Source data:
-=-=-=-=-

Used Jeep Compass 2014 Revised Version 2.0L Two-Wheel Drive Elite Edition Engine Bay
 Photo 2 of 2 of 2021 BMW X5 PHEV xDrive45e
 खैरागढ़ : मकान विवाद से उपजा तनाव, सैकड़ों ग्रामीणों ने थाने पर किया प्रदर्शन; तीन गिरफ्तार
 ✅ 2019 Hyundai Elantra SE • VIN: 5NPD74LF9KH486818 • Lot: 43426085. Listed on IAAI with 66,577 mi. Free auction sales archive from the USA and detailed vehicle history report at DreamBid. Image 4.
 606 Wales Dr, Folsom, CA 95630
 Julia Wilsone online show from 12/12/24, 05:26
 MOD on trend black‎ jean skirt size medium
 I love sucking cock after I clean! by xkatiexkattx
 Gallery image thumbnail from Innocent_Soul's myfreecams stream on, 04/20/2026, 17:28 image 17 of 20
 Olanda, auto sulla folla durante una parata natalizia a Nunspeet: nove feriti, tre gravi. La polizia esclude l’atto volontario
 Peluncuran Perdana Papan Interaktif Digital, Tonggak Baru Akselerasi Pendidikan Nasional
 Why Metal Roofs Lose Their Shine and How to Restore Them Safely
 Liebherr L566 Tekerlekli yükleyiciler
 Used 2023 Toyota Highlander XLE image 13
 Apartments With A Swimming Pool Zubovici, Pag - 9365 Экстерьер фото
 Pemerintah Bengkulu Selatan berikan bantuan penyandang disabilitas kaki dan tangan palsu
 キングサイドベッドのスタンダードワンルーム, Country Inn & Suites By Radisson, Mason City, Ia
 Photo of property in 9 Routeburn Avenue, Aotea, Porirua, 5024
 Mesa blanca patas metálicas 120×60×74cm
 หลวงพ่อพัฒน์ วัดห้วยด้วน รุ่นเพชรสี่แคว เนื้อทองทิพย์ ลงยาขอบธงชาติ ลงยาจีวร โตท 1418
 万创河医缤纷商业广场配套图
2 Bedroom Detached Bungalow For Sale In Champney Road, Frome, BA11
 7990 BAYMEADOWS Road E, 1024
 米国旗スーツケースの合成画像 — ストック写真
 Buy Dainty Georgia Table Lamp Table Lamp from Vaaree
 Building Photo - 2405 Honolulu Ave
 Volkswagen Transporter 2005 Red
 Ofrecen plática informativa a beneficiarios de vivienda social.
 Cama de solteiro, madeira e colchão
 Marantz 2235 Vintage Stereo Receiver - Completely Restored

-=-=-=-=-

→ **Task goal**: Would you please print every record exactly as written?

→ **The answer**:
Used Jeep Compass 2014 Revised Version 2.0L Two-Wheel Drive Elite Edition Engine Bay
 Photo 2 of 2 of 2021 BMW X5 PHEV xDrive45e
 खैरागढ़ : मकान विवाद से उपजा तनाव, सैकड़ों ग्रामीणों ने थाने पर किया प्रदर्शन; तीन गिरफ्तार
 ✅ 2019 Hyundai Elantra SE • VIN: 5NPD74LF9KH486818 • Lot: 43426085. Listed on IAAI with 66,577 mi. Free auction sales archive from the USA and detailed vehicle history report at DreamBid. Image 4.
 606 Wales Dr, Folsom, CA 95630
 Julia Wilsone online show from 12/12/24, 05:26
 MOD on trend black‎ jean skirt size medium
 I love sucking cock after I clean! by xkatiexkattx
 Gallery image thumbnail from Innocent_Soul's myfreecams stream on, 04/20/2026, 17:28 image 17 of 20
 Olanda, auto sulla folla durante una parata natalizia a Nunspeet: nove feriti, tre gravi. La polizia esclude l’atto volontario
 Peluncuran Perdana Papan Interaktif Digital, Tonggak Baru Akselerasi Pendidikan Nasional
 Why Metal Roofs Lose Their Shine and How to Restore Them Safely
 Liebherr L566 Tekerlekli yükleyiciler
 Used 2023 Toyota Highlander XLE image 13
 Apartments With A Swimming Pool Zubovici, Pag - 9365 Экстерьер фото
 Pemerintah Bengkulu Selatan berikan bantuan penyandang disabilitas kaki dan tangan palsu
 キングサイドベッドのスタンダードワンルーム, Country Inn & Suites By Radisson, Mason City, Ia
 Photo of property in 9 Routeburn Avenue, Aotea, Porirua, 5024
 Mesa blanca patas metálicas 120×60×74cm
 หลวงพ่อพัฒน์ วัดห้วยด้วน รุ่นเพชรสี่แคว เนื้อทองทิพย์ ลงยาขอบธงชาติ ลงยาจีวร โตท 1418
 万创河医缤纷商业广场配套图
2 Bedroom Detached Bungalow For Sale In Champney Road, Frome, BA11
 7990 BAYMEADOWS Road E, 1024
 米国旗スーツケースの合成画像 — ストック写真
 Buy Dainty Georgia Table Lamp Table Lamp from Vaaree
 Building Photo - 2405 Honolulu Ave
 Volkswagen Transporter 2005 Red
 Ofrecen plática informativa a beneficiarios de vivienda social.
 Cama de solteiro, madeira e colchão
 Marantz 2235 Vintage Stereo Receiver - Completely Restored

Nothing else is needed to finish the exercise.